Stephanie Gardner, 53, who was the second finalist in the second round, has been serving as interim chancellor, in addition to her role as senior vice chancellor for academic affairs and provost at UAMS.

"We were very fortunate that Dr. Gardner was a candidate and Dr. Patterson as well," said UA board Chairman Ben Hyneman of Jonesboro. "Stephanie has done a great job there working with Dr. Rahn. We just couldn't go wrong, and Dr. Bobbitt's recommendation to the board was very well received."

Hyneman said it was "beneficial" that Patterson had "some exposure" to dealing with finances at a large institution.

"I would say that I was just impressed with listening to him and his ideas and things he's been exposed to in the past that would transition to UAMS in beneficial ways," he said. "I think he welcomes the challenge and the opportunity that he has to be impactful to the health of the citizens of Arkansas."

He added: "We're excited about Dr. Patterson coming and getting started. We're in good hands until he does get here."

Patterson will make the move to Arkansas with his wife, Dr. Kris Patterson, who is a specialist in infectious diseases, and his three children -- a 15-year-old daughter, a 13-year-old daughter and an 11-year-old son. A native Alabamian -- "Roll Tide," he added -- Patterson is enthusiastic to become a Razorback, too, he said.

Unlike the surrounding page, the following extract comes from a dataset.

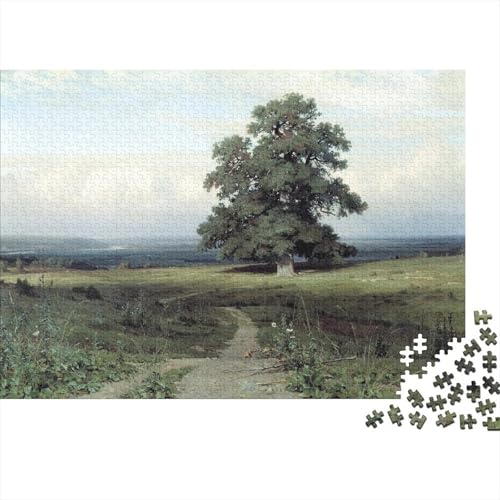 IWAN Schischkin Ölmalerei Puzzle 1000 Teile Erwachsene, Lustige Museums Puzzles Geschenk-Idee Für Geburtstag, Weihnachten, Halloween Und Valentinstag von XCOFG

To help maintain a work-life balance, Patterson fly-fishes -- and is looking forward to doing so on the White River -- scuba dives with his oldest daughter and loves music, listening and playing. He plays guitar and sings for an "eclectic" band The Jake Brakes, based in Larchmont, N.Y., though he said they likely will not come with him. And he said, once he's settled down, he is open to getting together with "like-minded musicians" here, offering up his "B-plus" guitar skills.

Patterson said he was attracted to the UAMS position because of the opportunity to provide "great care and education research" within a state that actively supports the academic medical center's mission, he said.

"I think UAMS is a school with tremendous history," he said, "and I am looking forward to playing a role in the future of UAMS."